**Activity**
As the answer, set down the lines below from the one containing "D'OLIVA&VITAMINE (Д'ОЛІВА+ВІТАМІНИ) СИРОВАТКА" through the one containing "New 2026 Chevrolet Trax LT FWD image 6", exactly and inclusively, and no others.

Start of Records shown

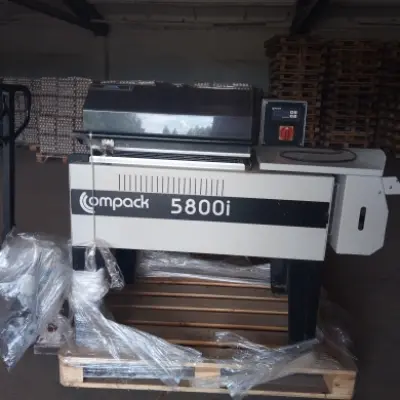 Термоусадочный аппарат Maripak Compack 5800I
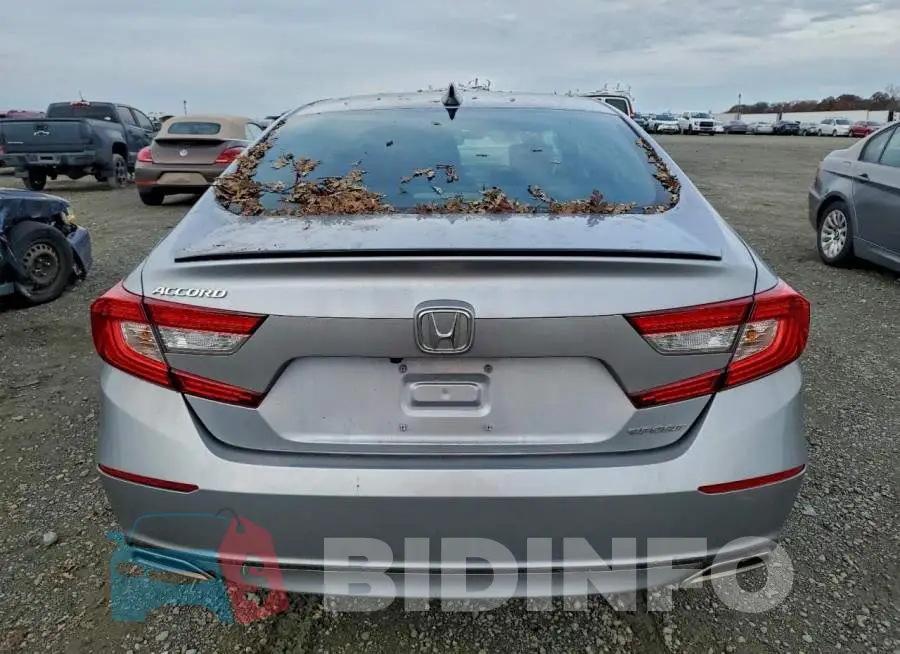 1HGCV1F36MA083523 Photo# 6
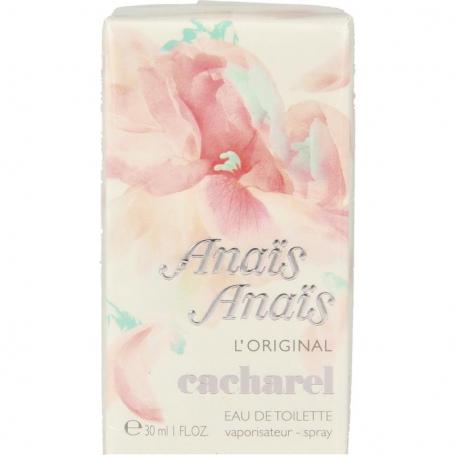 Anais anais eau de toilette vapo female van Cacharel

End of Records shown
Start of Records shown

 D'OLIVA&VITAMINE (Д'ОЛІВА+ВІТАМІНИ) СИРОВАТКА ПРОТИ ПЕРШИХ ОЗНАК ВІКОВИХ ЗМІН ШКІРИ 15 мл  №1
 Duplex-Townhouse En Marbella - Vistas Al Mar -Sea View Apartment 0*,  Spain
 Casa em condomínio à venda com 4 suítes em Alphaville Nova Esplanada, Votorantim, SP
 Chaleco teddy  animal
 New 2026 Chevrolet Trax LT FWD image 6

End of Records shown
Start of Records shown

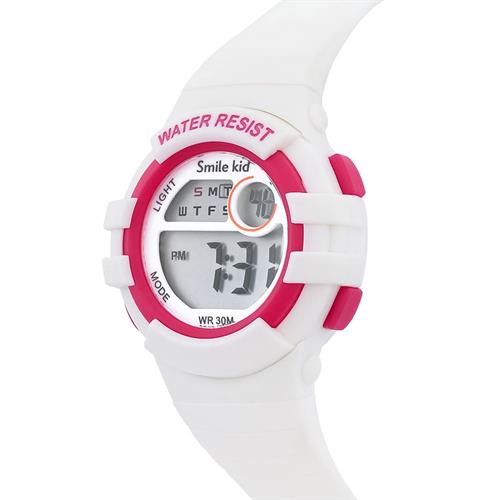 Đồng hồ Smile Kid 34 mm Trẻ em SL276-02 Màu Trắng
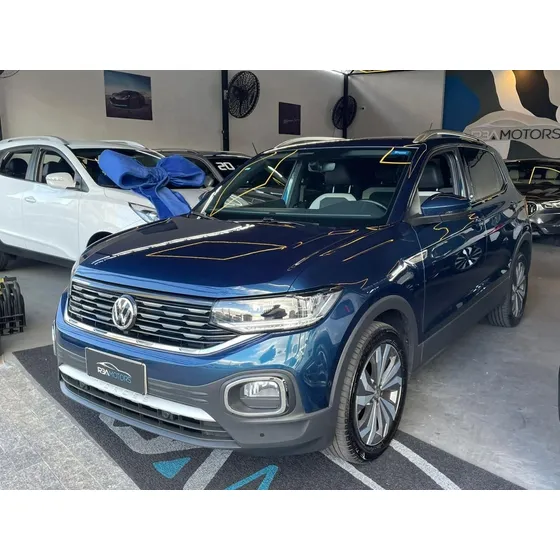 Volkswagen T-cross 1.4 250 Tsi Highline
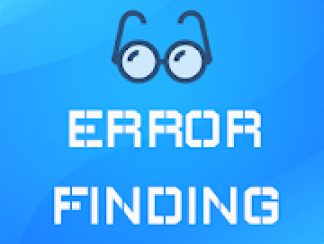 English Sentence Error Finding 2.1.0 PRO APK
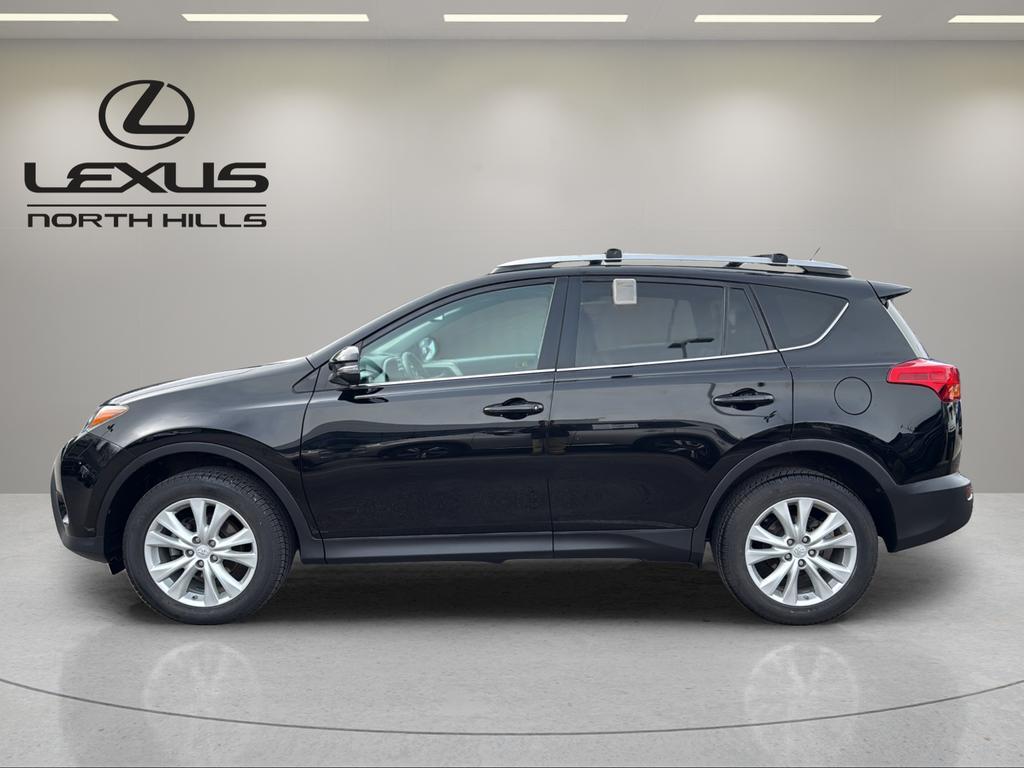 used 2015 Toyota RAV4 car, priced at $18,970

End of Records shown

**Task output**
 D'OLIVA&VITAMINE (Д'ОЛІВА+ВІТАМІНИ) СИРОВАТКА ПРОТИ ПЕРШИХ ОЗНАК ВІКОВИХ ЗМІН ШКІРИ 15 мл  №1
 Duplex-Townhouse En Marbella - Vistas Al Mar -Sea View Apartment 0*,  Spain
 Casa em condomínio à venda com 4 suítes em Alphaville Nova Esplanada, Votorantim, SP
 Chaleco teddy  animal
 New 2026 Chevrolet Trax LT FWD image 6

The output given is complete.